# Supplied data
--- --- ---

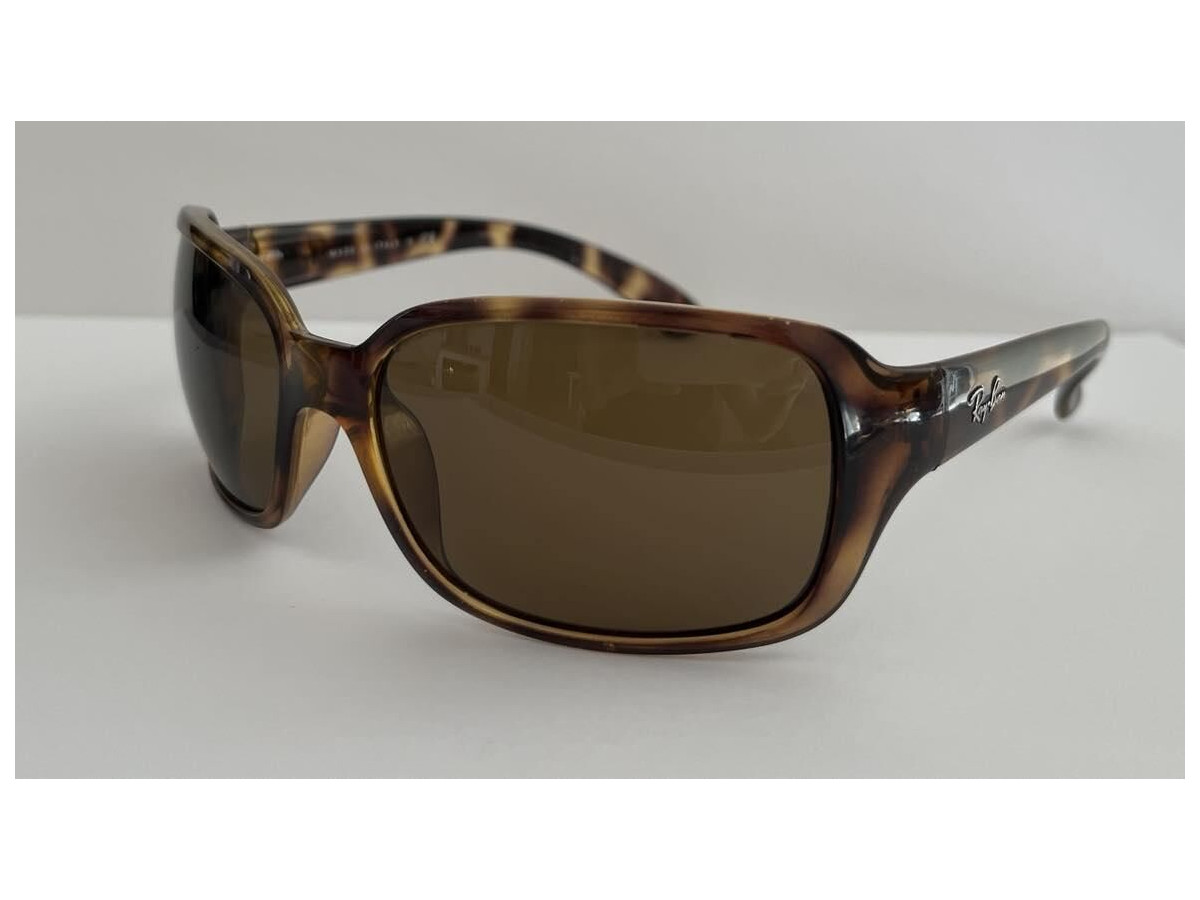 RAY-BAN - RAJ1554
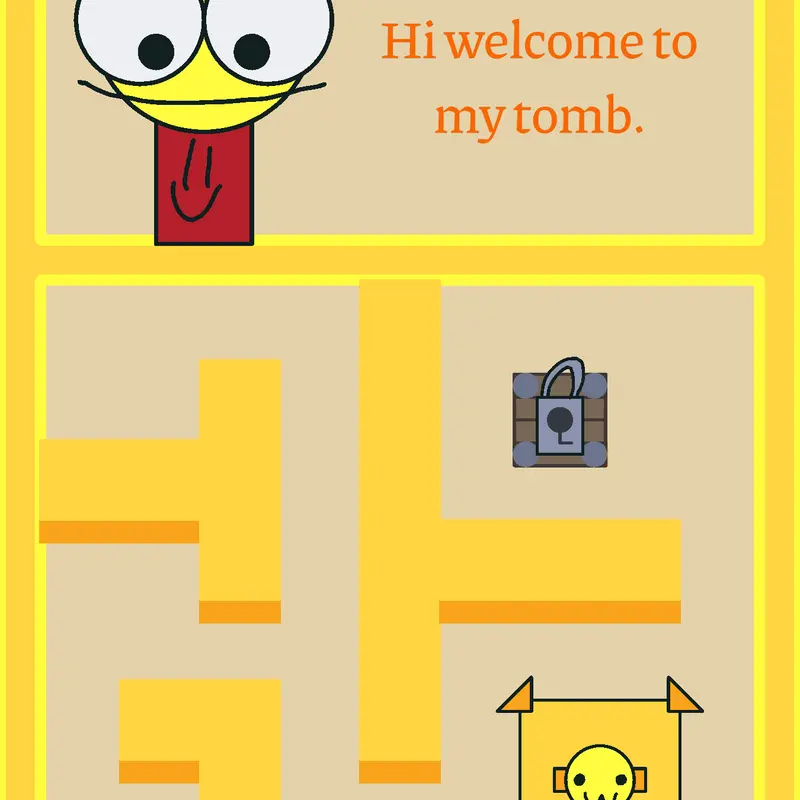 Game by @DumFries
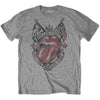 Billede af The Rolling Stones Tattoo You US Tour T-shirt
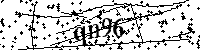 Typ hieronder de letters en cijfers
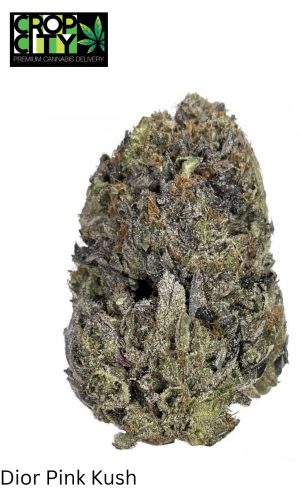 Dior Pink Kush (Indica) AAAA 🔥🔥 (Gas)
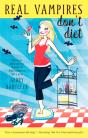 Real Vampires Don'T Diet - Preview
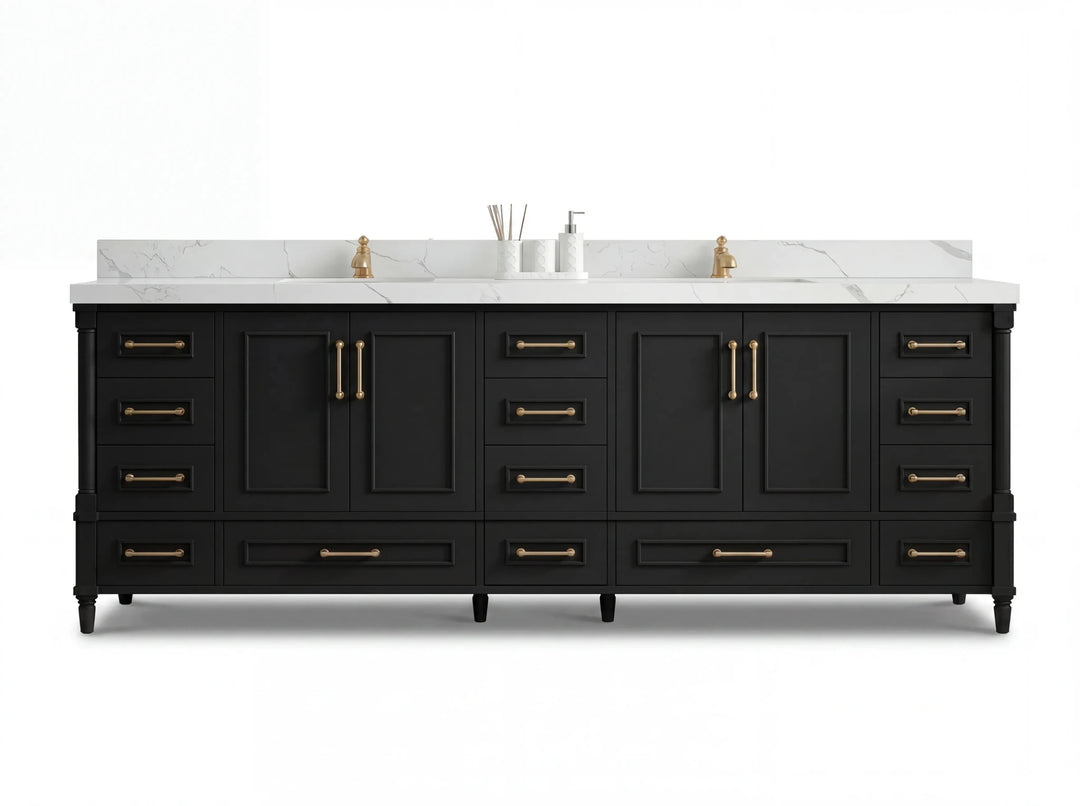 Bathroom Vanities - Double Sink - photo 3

--- --- ---

# What the exercise asks
Write every line above out again exactly; pictures do not belong in the copy.

# Solved exercise
 RAY-BAN - RAJ1554
 Game by @DumFries
 Billede af The Rolling Stones Tattoo You US Tour T-shirt
 Typ hieronder de letters en cijfers
 Dior Pink Kush (Indica) AAAA 🔥🔥 (Gas)
 Real Vampires Don'T Diet - Preview
 Bathroom Vanities - Double Sink - photo 3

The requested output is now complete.